Cross reference to related applications

This application refers to and claims priority from U.S. patent application No.61/304,114 filed on 12.2.2010.

The present application refers to the contents of the following patent applications:

U.S. patent application No. _________ (law firm No. 21005US02), the date of application is the incidental days of the associated function;

U.S. patent application No. _________ (law firm No. 21023US02), the date of application is the incidental days of the associated function;

the above U.S. patent application is incorporated herein by reference in its entirety.

Claims (10)

1. A method of communication, the method comprising:

one or more processors and/or circuits in a mobile device perform:

performing power measurement on the accessed wireless access point from different positions; and

transmitting the power measurements to a remote location server, wherein the remote location server collects power measurements of the accessed wireless access point from a plurality of communication devices, and the location server uses the power measurements provided by a single communication device of the plurality of communication devices to determine a location of the accessed wireless access point.

2. The method of claim 1, wherein the wireless access point is a WiFi access point or a bluetooth access point.

3. The method of claim 1, further comprising measuring the power of the accessed wireless access point at different locations over a period of time.

4. The method of claim 3, further comprising time stamping the power measurements.

5. The method of claim 4, further comprising transmitting the time-stamped power measurement to the remote location server.

6. The method of claim 1, wherein the remote location server selects the single communication device from the plurality of communication devices based on the quality and/or feasibility of the collected respective power measurements for the wireless access point.

7. The method of claim 6, wherein the remote location server receives multiple power measurements of the accessed wireless access point from the selected single communication device at different locations over a period of time.

8. The method of claim 7, wherein the remote location server determines the location of the accessed wireless access point using a plurality of power measurements received from the selected single communication device.

9. The method of claim 8, wherein the remote location server stores the determined location of the wireless access point in a reference database, the reference database being internally or externally connected to the remote location server.

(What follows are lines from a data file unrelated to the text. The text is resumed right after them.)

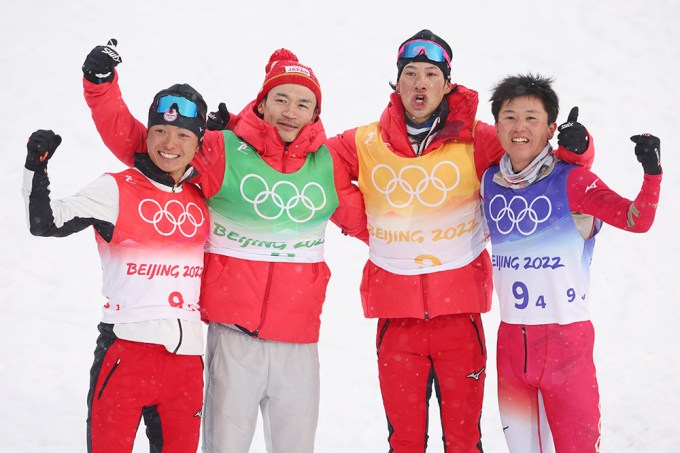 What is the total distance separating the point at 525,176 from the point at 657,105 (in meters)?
7.58

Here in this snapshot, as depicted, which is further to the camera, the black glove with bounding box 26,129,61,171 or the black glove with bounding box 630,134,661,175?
the black glove with bounding box 630,134,661,175

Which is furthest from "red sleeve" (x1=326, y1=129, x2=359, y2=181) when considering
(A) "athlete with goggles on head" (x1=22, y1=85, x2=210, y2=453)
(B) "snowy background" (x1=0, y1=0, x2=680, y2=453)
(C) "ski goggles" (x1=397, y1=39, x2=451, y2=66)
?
(B) "snowy background" (x1=0, y1=0, x2=680, y2=453)

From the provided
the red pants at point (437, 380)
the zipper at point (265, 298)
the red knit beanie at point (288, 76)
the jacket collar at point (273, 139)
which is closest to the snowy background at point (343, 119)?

10. A system for communication, comprising:

one or more processors and/or circuits in a mobile device to:

performing power measurement on the accessed wireless access point from different positions; and

transmitting the power measurements to a remote location server, wherein the remote location server collects power measurements of the accessed wireless access point from a plurality of communication devices, and the location server determines a location of the accessed wireless access point using the power measurements provided by a single communication device of the plurality of communication devices.